Vattenfall has confirmed an independent inquiry into chief executive officer Oystein Loseth has been launched to tackle “rumours” that he pocketed extra cash from an acquisition in 2009.
The probe comes just weeks after the Swedish utility company was granted planning permission to build 11 turbines in Aberdeen Bay.
Mr Loseth said he welcomed the investigation – which will examine whether he received “extra remuneration” when Vattenfall acquired Dutch company Nuon.
“It is difficult to singlehandedly defend oneself against these accusations when no data is presented,” he said last night.
“I want to clarify that I have not received any extraordinary benefits. I received regular compensation in the form of salary, bonus and pension. The payments are reported in Vattenfall’s and Nuon’s annual reports.
“So I welcome an investigation that can put an end to this rumour.”
The company’s partners in the Aberdeen project – the European Offshore Wind Deployment Centre (EOWDC) – said they knew nothing about the investigation when contacted by the Press and Journal last night.
Project spokesman Iain Todd said the issue was for Vattenfall to deal with and he would not be commenting.
Lars Nordstrom, president of the board of directors at Vattenfall, hopes the probe will restore confidence in the firm’s hierarchy.
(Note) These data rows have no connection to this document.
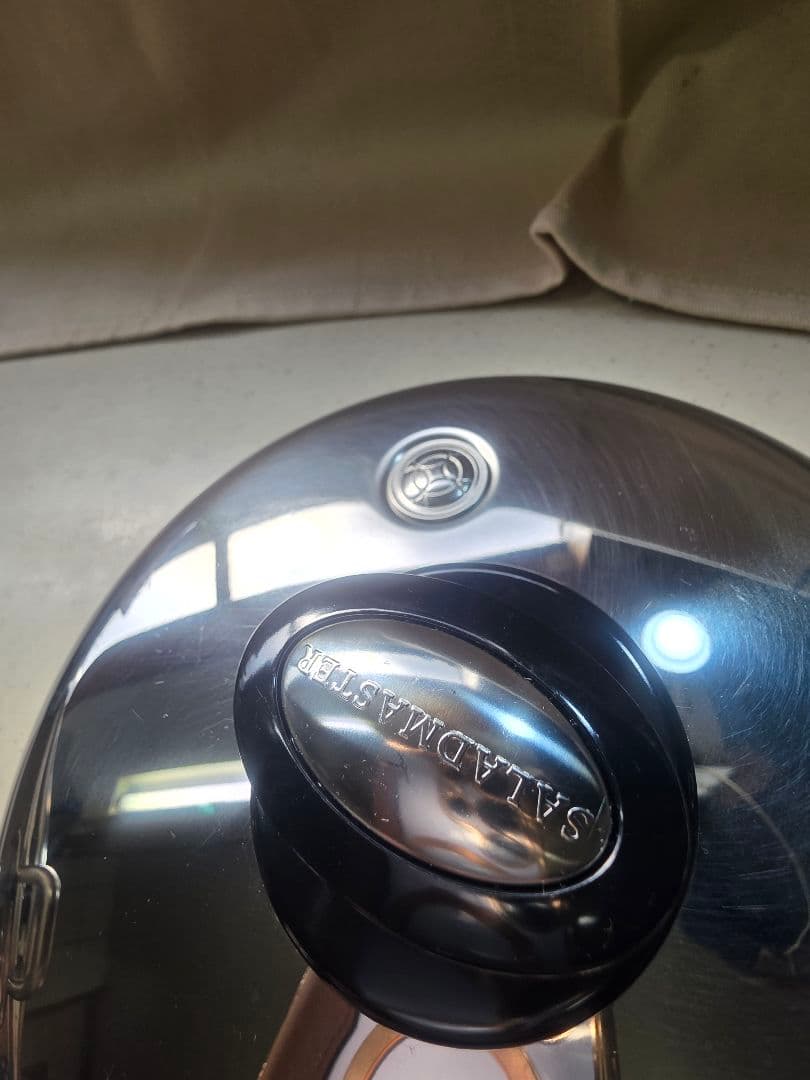 サラダマスター(SALADMASTER) 3QT 深型鍋 & 蒸し器 Set - メルカリ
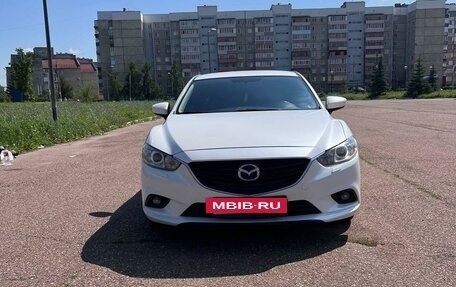 Mazda 6, 2014 год, 1 830 000 рублей, 3 фотография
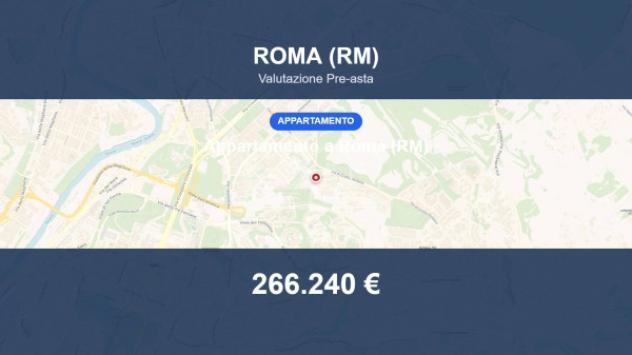 Immobile in asta di 117 m² in vendita a Roma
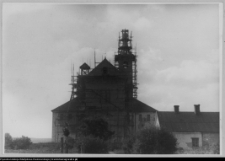 Wigry : kości&oacute;ł pokamedulski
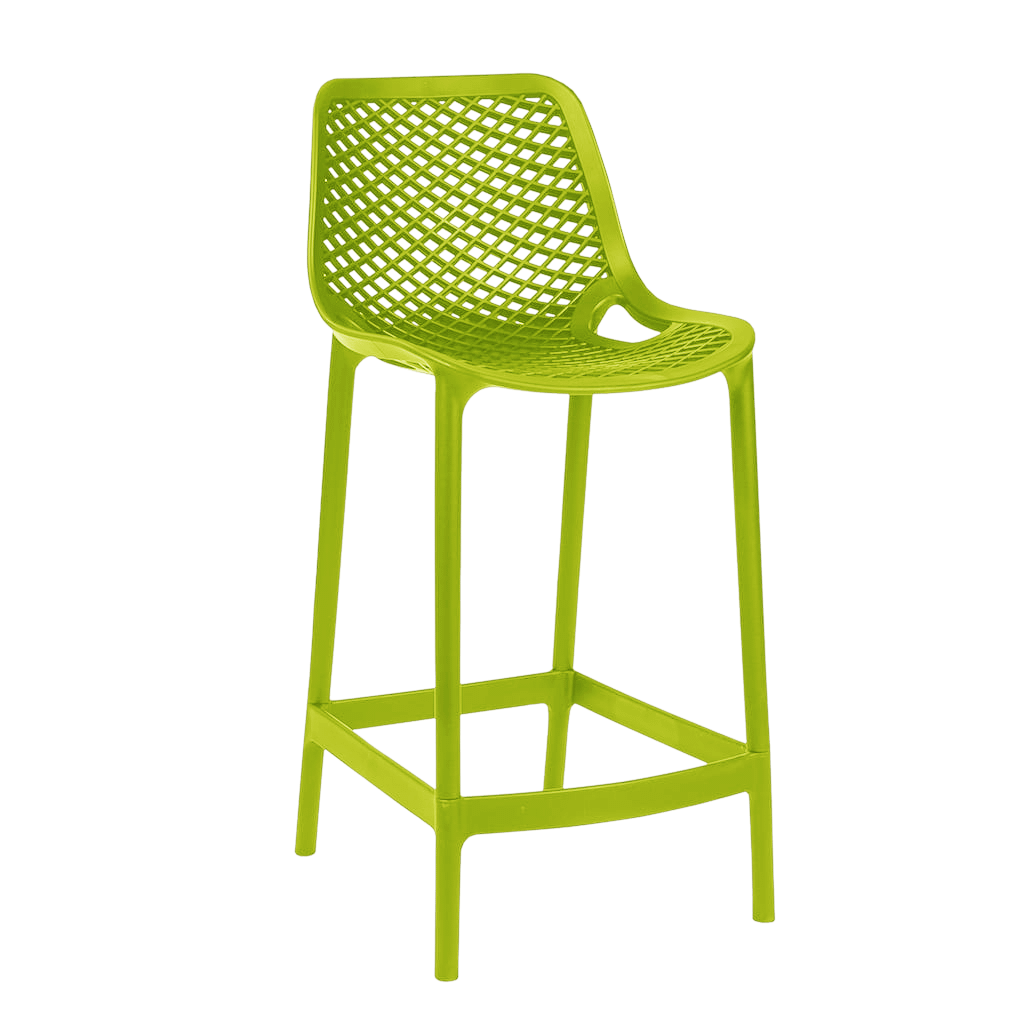 AIRCS Green Angled chairforce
“We want to once and for all clarify whether there is any substance in the rumour that Oystein Loseth would have received any additional compensation in connection with the acquisition of Nuon,” he said. “We therefore, with his full consent, set up an independent investigation.
“Unconfirmed rumours of additional compensation to Oystein Loseth in connection with the acquisition of Nuon have circulated earlier.
“But since named sources of information now have been quoted in media an investigation is to be initiated.
“We want everybody to feel confident that the matter is thoroughly investigated. The person who will lead the investigation will be announced soon.”
The EOWDC is a joint venture by Vattenfall, engineering firm Technip and Aberdeen Renewable Energy Group.
The £230million project is aimed at providing the equivalent of enough energy for more than 49,000 homes, according to the developers.
The Scottish Government said the centre would allow offshore wind developers and supply chain companies to test “cutting-edge” wind technology before its commercial deployment.
It would consist of 11 turbines standing more than 600ft tall less than two miles from Aberdeen’s shore.
First Minister Alex Salmond welcomed approval for the project, which was granted by Energy Minister Fergus Ewing last month.